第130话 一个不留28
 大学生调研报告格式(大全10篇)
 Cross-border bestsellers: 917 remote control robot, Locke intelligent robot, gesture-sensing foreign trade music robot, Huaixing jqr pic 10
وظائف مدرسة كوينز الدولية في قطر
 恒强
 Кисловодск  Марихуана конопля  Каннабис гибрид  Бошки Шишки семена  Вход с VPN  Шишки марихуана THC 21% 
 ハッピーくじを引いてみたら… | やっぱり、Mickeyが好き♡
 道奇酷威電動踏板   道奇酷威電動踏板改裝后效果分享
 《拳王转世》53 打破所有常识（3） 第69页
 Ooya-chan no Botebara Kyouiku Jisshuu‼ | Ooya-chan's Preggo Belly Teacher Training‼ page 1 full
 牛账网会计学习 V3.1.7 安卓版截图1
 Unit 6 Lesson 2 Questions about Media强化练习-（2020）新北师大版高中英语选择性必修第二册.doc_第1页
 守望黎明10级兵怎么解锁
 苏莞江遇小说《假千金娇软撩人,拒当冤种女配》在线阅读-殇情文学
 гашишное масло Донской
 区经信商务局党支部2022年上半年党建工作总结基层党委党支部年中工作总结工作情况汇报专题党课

WORK TASK => Repeat precisely, and with nothing added, every line from the one containing "Ooya-chan no Botebara" to the last line of the listing above.

TASK ANSWER =>
 Ooya-chan no Botebara Kyouiku Jisshuu‼ | Ooya-chan's Preggo Belly Teacher Training‼ page 1 full
 牛账网会计学习 V3.1.7 安卓版截图1
 Unit 6 Lesson 2 Questions about Media强化练习-（2020）新北师大版高中英语选择性必修第二册.doc_第1页
 守望黎明10级兵怎么解锁
 苏莞江遇小说《假千金娇软撩人,拒当冤种女配》在线阅读-殇情文学
 гашишное масло Донской
 区经信商务局党支部2022年上半年党建工作总结基层党委党支部年中工作总结工作情况汇报专题党课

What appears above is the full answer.